Bild: Höchstpersönlich begab sich Putin auf die Suche nach dem geeigneten Sta…
In Deutschland hat der umtriebige Altkanzler Gerhard Schröder wieder einmal
Ärger wegen seiner Alterssicherung: Er wird angefeindet, weil er den
russischen Energiekonzern Rosneft als Aufsichtsrat verstärken möchte, um
sich ein paar Rubel hinzuzuverdienen und nebenbei die Weltwirtschaft
anzukurbeln.
Die Kritik daran wirkt umso kleinlicher, wenn man daneben die Verehrung in
den Blick nimmt, die Schröder in Russland zuteilwird: Landauf, landab wird
sein Name gepriesen, von den Oligarchen in der Moskauer Nobelstraße
Rubljowka bis zum letzten zahnlosen Bauersmann, der Schröders Aufstieg vom
Einzelhandelslehrling zum Weltpolitiker atemlos mitverfolgt hat.

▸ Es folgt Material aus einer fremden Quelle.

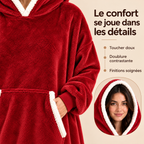 Sweat Plaid Rouge à Capuche – Noël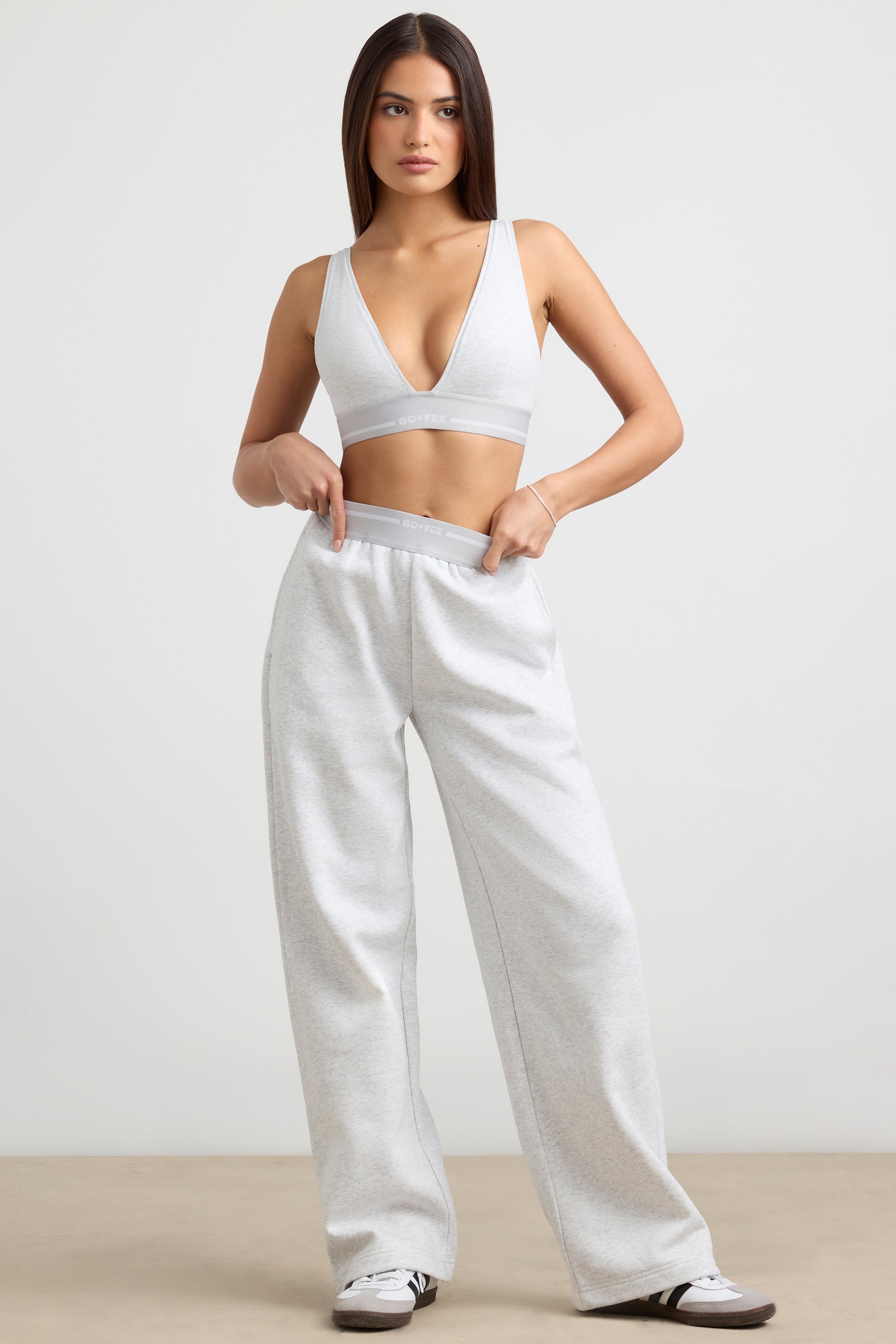 Heavyweight Stretch Cotton Fleece High-Waist Joggers in Grey Marl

Aber selbst die ältesten Hasen unter den Kennern der russischen Seele
hätten es nicht für möglich gehalten, was jetzt im Ural geschieht: Nördlich
von Workuta, an der Küste der Karasee, einem Randmeer des Nordpolarmeers,
entsteht Gerhard Schröder zu Ehren eine Mega-City namens Schrödergrad.
Geplant ist sie für rund 35 Millionen Einwohner, die gewillt sind, bei
vergleichsweise niedrigen Temperaturen Erdöl zu fördern.

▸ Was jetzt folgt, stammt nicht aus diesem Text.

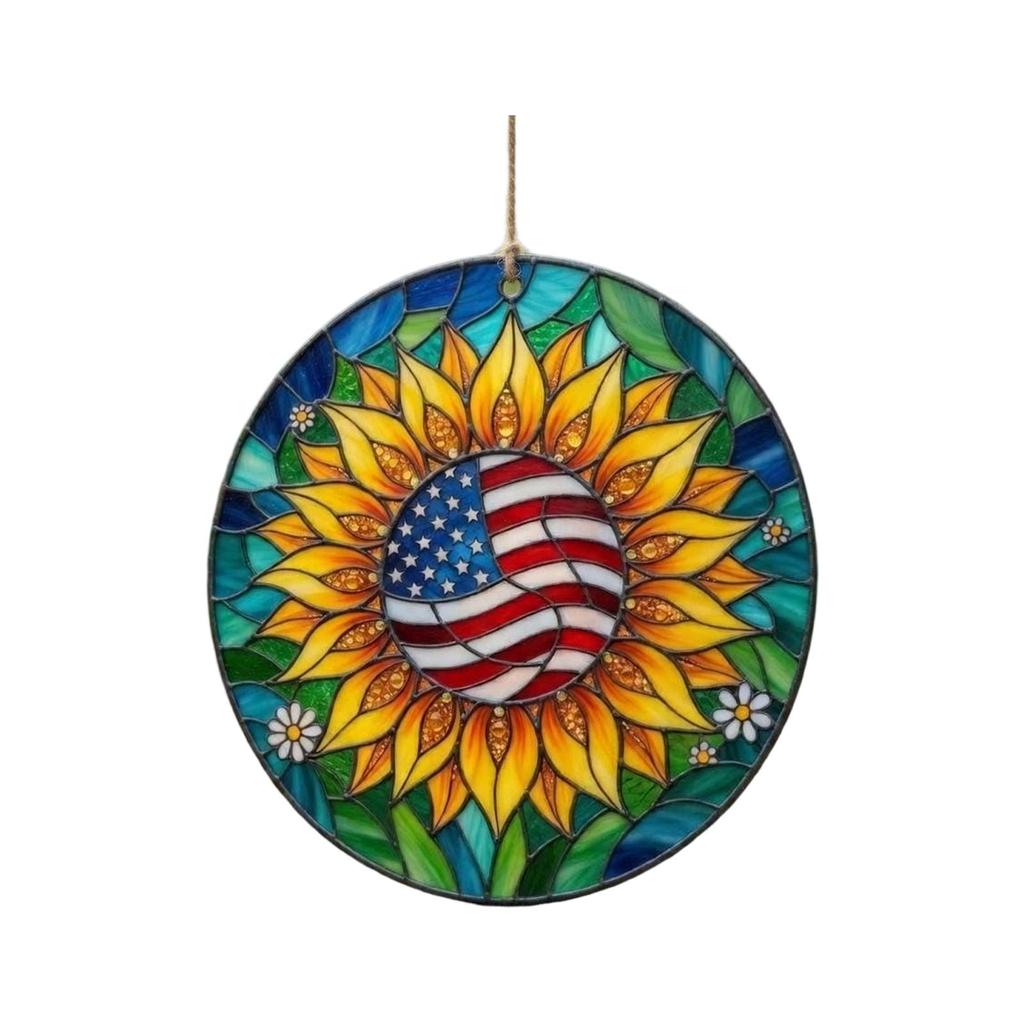American 0th Anniversary Stained Glass Acrylic Suncatcher, Patriotic Flower Vase Window Hanging Decor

## Gebäude aus Eis und Schnee
Viele Gebäudekomplexe und öffentliche Einrichtungen stehen bereits wie eine
Eins – ein Eishockeystadion, das mehr als zweihunderttausend Besuchern
Platz bietet, eine igluförmige Eishalle für Schlittschuhläufer, eine
vierzig Werst lange Natureisbahn für den Bobsport, eine sogar mehr als
zweihundert Werst lange Loipe für Freunde des Langlaufskifahrens, eine
Rodelbahn, ein Skulpturenpark voller Schneemänner, eine begehbare
Schneeburg, ein Schneeleopardenhaus, ein Eisbärenzwinger, eine
Eisbonbonfabrik und ein Eisangelsportvereinsheim.
Ihren größten Ehrgeiz setzen die Stadtentwickler jedoch in den
Schröder-Tower, einen Wolkenkratzer, der selbst den berühmten Burj Khalifa
in Dubai noch um vierhundert Meter überragen soll. Wenn er fertig ist,
werden insgesamt 750 Aufzüge die 309 Stockwerke miteinander verbinden. Als
besonderen Clou wollen die Architekten in den obersten fünf Etagen eine
vollständige Volkswagenfabrik installieren – eine augenzwinkernde Hommage
an den „Automann“ Schröder, der in einem Interview mit der Tageszeitung
Iswestija vor Kurzem jedem Russen bis zum Jahr 2022 einen Kleinwagen
versprochen hat.
Auch die Stadtbibliothek von Schrödergrad nimmt Formen an. Katalogisiert
sind schon jetzt die Werke „Gerhard Schröder. Eine Biographie“ von Béla
Anda und Rolf Kleine, „Gerhard Schröder. Ein Porträt“ von Jürgen Hogrefe,
„Gerhard Schröder. Eine Biographie“ von Reinhard Urschel, „Gerhard
Schröder. Die Biographie“ von Gregor Schöllgen, „Annäherungen“,
„Reifeprüfung“ und „Entscheidungen“ von Gerhard Schröder sowie „Der…
wohnt im Swimmingpool“ von Doris Schröder-Köpf und Ingke Brodersen.
Eröffnet werden soll der Stadtbetrieb im Herbst 2018 mit einem Festakt, für
den sich unter anderem der Investor Carsten Maschmeyer, der Musiker Klaus
Meine von den Scorpions, der Pinselschwinger Bruno Bruni, der russische
Präsident Wladimir Putin, der Unternehmensberater Heino Wiese und andere
Showbiz-Größen aus Schröders persönlichem Umfeld angesagt haben.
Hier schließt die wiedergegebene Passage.